--- Action item ---
Find the line containing "Nordlux Versale 2220053009" in the listing below. Repeat it exactly, along with each following line up to and including the one containing "Dependance Nazionale 4*".

--- Input ---
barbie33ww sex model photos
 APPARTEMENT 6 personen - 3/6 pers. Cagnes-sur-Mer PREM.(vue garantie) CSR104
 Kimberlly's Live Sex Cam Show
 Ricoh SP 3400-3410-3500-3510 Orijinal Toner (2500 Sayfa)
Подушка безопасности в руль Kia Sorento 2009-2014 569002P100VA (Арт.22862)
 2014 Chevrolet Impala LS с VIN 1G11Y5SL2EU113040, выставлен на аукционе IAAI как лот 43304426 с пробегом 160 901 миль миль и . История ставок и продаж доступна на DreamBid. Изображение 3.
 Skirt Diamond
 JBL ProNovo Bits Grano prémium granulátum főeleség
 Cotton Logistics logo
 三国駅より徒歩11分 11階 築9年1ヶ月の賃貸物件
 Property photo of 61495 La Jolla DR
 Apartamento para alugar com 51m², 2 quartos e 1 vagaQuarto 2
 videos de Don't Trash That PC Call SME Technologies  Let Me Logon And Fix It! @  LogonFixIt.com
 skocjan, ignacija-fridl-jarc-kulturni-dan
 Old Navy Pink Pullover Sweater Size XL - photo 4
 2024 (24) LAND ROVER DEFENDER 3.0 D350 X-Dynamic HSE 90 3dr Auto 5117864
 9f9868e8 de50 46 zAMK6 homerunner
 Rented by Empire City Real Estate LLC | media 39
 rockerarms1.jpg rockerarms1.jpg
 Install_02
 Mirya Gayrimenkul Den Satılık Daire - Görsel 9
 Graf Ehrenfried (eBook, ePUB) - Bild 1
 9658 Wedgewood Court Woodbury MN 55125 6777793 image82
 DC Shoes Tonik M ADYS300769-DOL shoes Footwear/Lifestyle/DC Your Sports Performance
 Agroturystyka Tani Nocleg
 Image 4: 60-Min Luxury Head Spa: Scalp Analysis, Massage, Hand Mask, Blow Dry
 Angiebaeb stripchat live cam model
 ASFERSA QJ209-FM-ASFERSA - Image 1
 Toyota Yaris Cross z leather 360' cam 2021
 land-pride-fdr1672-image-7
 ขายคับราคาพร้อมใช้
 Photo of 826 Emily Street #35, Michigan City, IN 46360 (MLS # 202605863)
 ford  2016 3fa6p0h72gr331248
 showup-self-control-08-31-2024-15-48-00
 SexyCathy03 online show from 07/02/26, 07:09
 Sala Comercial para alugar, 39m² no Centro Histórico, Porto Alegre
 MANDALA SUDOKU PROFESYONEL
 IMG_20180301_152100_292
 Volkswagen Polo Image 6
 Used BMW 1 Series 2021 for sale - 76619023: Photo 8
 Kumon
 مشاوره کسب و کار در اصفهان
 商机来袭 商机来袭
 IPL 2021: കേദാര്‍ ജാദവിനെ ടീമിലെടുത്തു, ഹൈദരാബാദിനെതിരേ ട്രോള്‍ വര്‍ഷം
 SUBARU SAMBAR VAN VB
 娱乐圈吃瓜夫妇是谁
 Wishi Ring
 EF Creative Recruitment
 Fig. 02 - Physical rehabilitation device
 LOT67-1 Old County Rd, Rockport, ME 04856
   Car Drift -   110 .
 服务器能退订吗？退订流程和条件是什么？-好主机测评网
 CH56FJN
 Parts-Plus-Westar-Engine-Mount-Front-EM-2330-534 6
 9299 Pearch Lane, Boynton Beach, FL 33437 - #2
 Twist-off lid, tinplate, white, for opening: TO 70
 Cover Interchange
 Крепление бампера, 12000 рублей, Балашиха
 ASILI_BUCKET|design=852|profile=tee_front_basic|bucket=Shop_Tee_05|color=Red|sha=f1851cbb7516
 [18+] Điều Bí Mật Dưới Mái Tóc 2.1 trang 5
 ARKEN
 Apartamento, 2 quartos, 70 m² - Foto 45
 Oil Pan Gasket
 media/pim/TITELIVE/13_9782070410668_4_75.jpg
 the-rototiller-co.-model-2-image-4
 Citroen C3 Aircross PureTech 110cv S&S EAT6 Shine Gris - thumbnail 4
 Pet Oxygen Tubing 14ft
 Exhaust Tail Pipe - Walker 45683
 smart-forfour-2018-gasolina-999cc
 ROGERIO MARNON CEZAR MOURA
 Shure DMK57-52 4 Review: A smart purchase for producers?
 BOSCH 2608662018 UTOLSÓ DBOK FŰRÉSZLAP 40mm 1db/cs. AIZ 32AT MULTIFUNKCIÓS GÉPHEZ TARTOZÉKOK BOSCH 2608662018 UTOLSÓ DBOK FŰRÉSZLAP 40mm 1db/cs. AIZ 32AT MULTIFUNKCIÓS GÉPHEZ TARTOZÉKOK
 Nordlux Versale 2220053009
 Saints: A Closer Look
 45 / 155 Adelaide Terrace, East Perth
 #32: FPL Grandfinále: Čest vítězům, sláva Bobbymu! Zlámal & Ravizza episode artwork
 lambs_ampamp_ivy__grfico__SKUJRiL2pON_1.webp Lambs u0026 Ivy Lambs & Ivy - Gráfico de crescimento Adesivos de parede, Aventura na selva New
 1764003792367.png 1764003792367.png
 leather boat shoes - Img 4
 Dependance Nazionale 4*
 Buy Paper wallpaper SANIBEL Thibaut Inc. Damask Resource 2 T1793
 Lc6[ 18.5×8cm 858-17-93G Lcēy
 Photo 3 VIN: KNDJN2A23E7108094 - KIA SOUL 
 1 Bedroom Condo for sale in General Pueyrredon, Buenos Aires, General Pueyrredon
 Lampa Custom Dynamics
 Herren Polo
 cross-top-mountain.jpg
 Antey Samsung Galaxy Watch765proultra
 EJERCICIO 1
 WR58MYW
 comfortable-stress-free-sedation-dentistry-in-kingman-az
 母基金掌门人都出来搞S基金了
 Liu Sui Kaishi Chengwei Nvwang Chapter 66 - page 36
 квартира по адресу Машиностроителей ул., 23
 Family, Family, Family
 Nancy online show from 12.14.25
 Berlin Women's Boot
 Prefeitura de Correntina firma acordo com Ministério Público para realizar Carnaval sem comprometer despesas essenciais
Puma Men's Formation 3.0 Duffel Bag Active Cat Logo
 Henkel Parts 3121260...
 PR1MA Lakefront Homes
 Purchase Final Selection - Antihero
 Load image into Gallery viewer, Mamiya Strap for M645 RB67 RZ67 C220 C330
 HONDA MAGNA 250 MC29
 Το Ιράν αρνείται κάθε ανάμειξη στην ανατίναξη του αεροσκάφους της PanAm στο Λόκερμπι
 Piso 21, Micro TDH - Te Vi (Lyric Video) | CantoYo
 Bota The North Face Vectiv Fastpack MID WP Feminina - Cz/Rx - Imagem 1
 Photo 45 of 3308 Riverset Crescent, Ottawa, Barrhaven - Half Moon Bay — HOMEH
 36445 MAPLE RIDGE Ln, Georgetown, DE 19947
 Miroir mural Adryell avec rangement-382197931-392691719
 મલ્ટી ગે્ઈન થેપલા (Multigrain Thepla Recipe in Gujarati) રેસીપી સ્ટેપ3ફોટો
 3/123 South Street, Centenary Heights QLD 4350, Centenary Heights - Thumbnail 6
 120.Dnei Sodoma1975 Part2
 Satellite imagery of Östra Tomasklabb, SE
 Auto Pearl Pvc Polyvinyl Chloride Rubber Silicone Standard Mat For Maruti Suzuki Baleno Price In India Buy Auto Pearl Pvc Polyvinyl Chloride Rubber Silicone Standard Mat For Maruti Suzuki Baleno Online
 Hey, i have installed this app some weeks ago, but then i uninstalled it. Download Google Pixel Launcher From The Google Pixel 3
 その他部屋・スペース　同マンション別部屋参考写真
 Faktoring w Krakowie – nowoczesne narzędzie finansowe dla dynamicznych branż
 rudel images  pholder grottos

--- Reply to the exercise ---
 Nordlux Versale 2220053009
 Saints: A Closer Look
 45 / 155 Adelaide Terrace, East Perth
 #32: FPL Grandfinále: Čest vítězům, sláva Bobbymu! Zlámal & Ravizza episode artwork
 lambs_ampamp_ivy__grfico__SKUJRiL2pON_1.webp Lambs u0026 Ivy Lambs & Ivy - Gráfico de crescimento Adesivos de parede, Aventura na selva New
 1764003792367.png 1764003792367.png
 leather boat shoes - Img 4
 Dependance Nazionale 4*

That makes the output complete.